One way is to a variable fee, a “pay as you throw” model, where different size trash bins have different costs to encourage people to dispose of less. (Letty’s note: on paper and 6 months ago, I was a fan of this model because it should incent people to reduce consumption and make less waste, as households who produce more waste will pay more. However, as I’ve mulled it, it’s quite complex operationally and may be difficult to implement and ensure fidelity.) Another way is to introduce a 3rd bin – make composting available to all who get curbside services, for yard waste and food scraps, instead of the current subsidized option.
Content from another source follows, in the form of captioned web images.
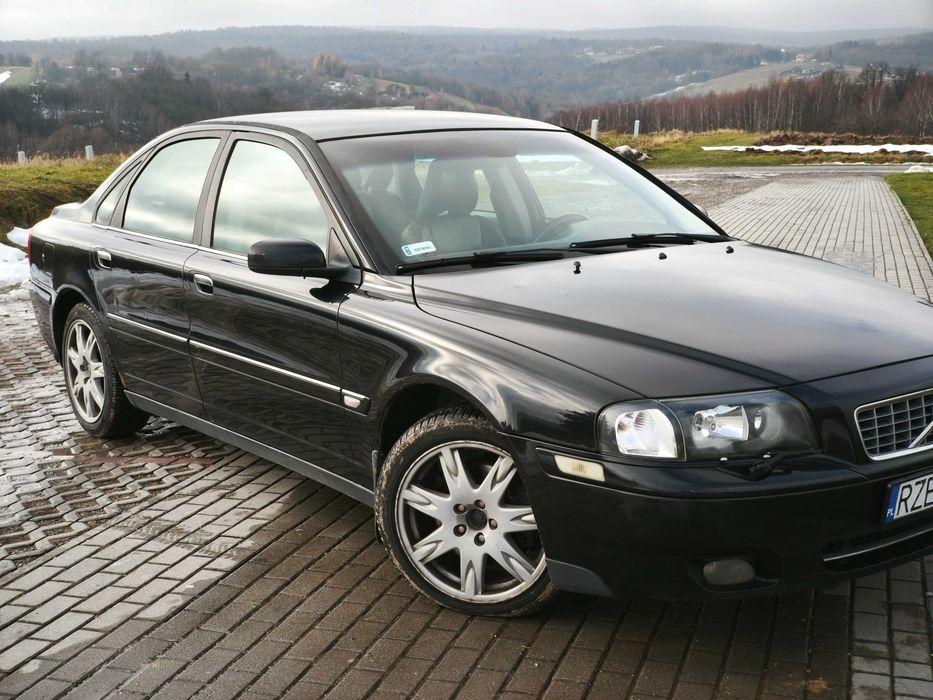 Volvo S80 2.5T LPG — dynamiczne i oszczędne 2005
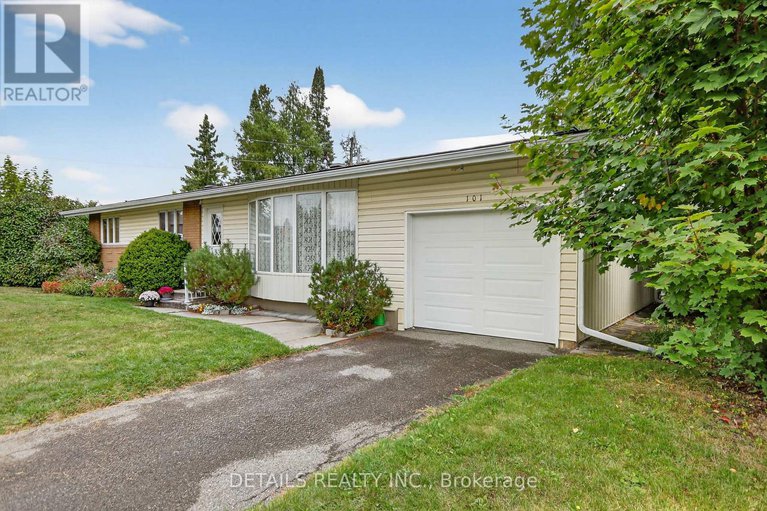 28920514/101-hilliard-avenue/city-viewskylinefisher-heightsparkwood-hills/ottawa/ontario/K2E6C5_2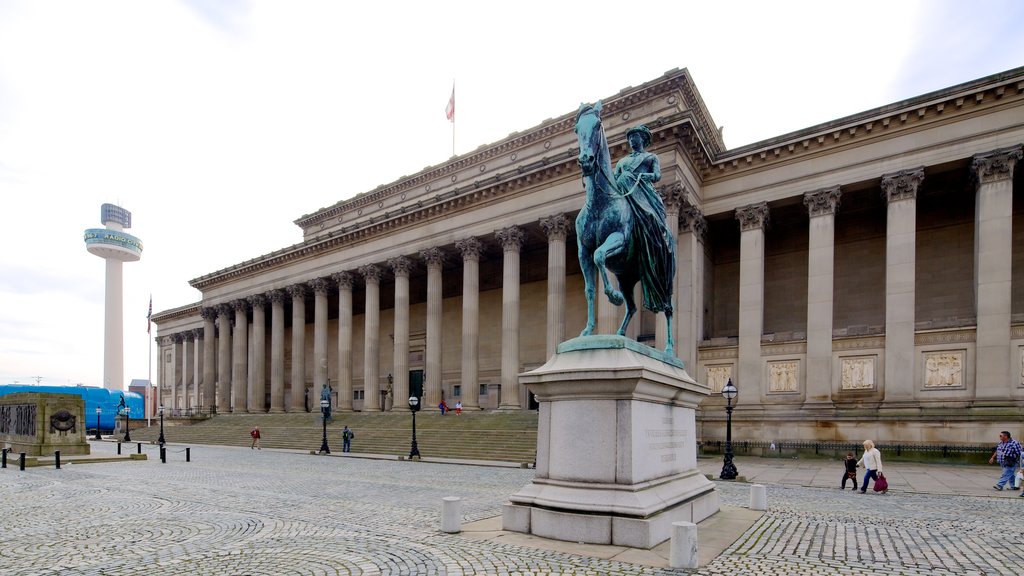 St. George\'s Hall que incluye una plaza, arquitectura patrimonial y una estatua o escultura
By bundling it into the solid waste program, the service is more cost effective (adding $22 per household), more people would compost, resulting in more organic waste going to compost and diverted from landfill.
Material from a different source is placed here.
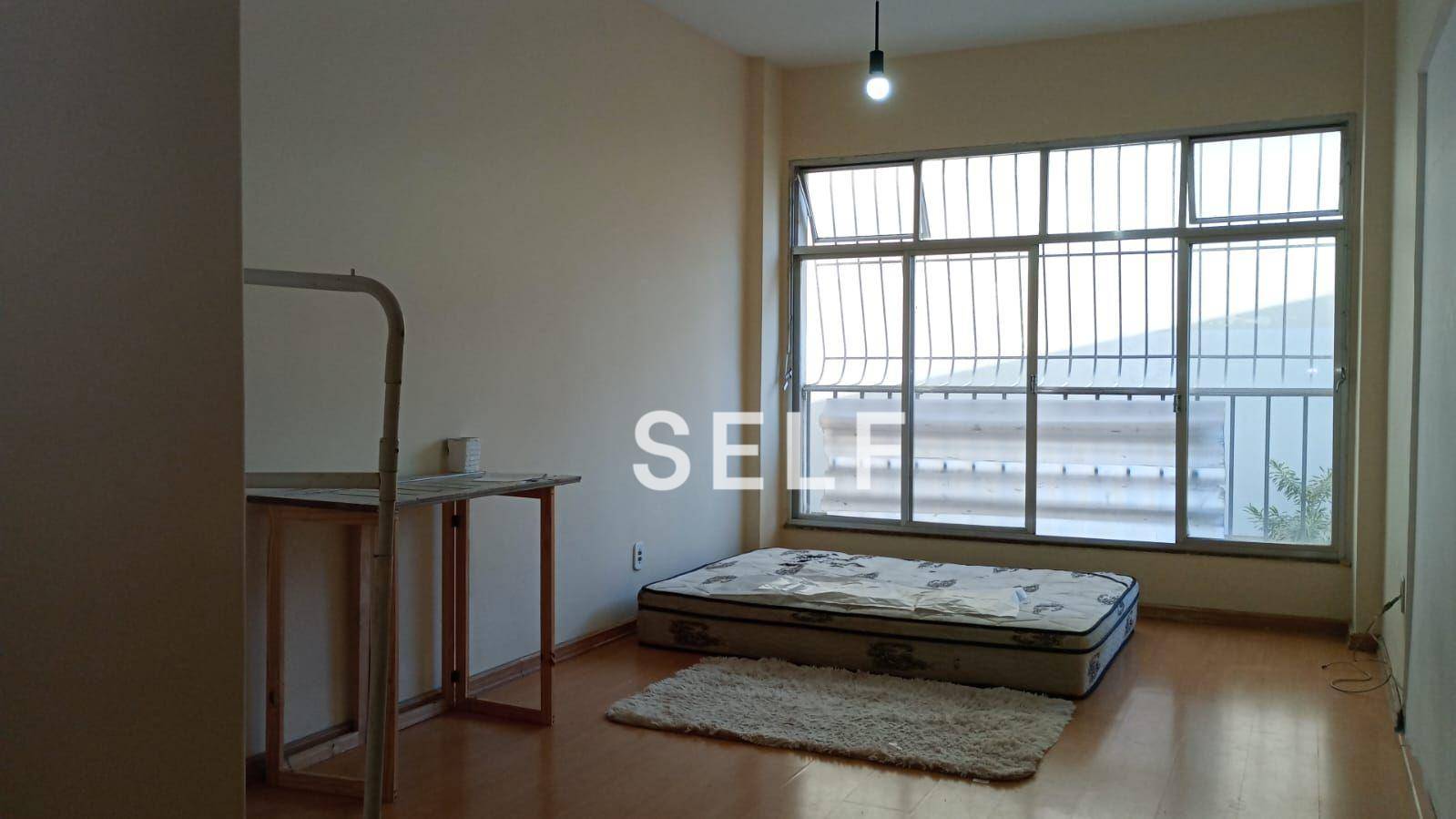 Apartamento à venda com 3 quartos, 130m² - Foto 1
Q: If you give me a 3rd bin, do I have to compost?
A: No, you don’t have to compost. Just like when recycling was introduced 30+ years ago, it became part of the bundled service. There is no mandatory requirement for individuals to recycle or compost, but I hope that if we make it part of the curbside offerings, more people will try it out and adopt a new habit. (Because we backyard compost, I can attest that it does divert a lot from the landfill! We only drag our bins out every other week even in a household of 5.)

Letty’s Thoughts:

I would like to fix this fairness issue in this budget cycle and believe changing to a fixed fee, while not perfect, would be the simplest way to address this long standing issue. This issue gets more complicated to fix every year that passes because the imbalance will only grow. I also believe we’ve piloted curbside composting with heavy subsidization for enough years that uptake is flattening out – in order to divert more waste, it needs to be offered as a service across the city. In the fixed fee option, we would take the $950K cost out of the tax rate (about a 1.5 penny tax cut). For 4K multifamily households and commercial buildings that don’t get service – they would see a 1.5 cent tax rate cut and no further fees. For the 3K homes that receive city curbside service, they would see the 1.5 penny tax rate cut and a flat fee for solid waste service, including a new 3rd bin for food scraps and yard waste, which is estimated to be $332 total per year.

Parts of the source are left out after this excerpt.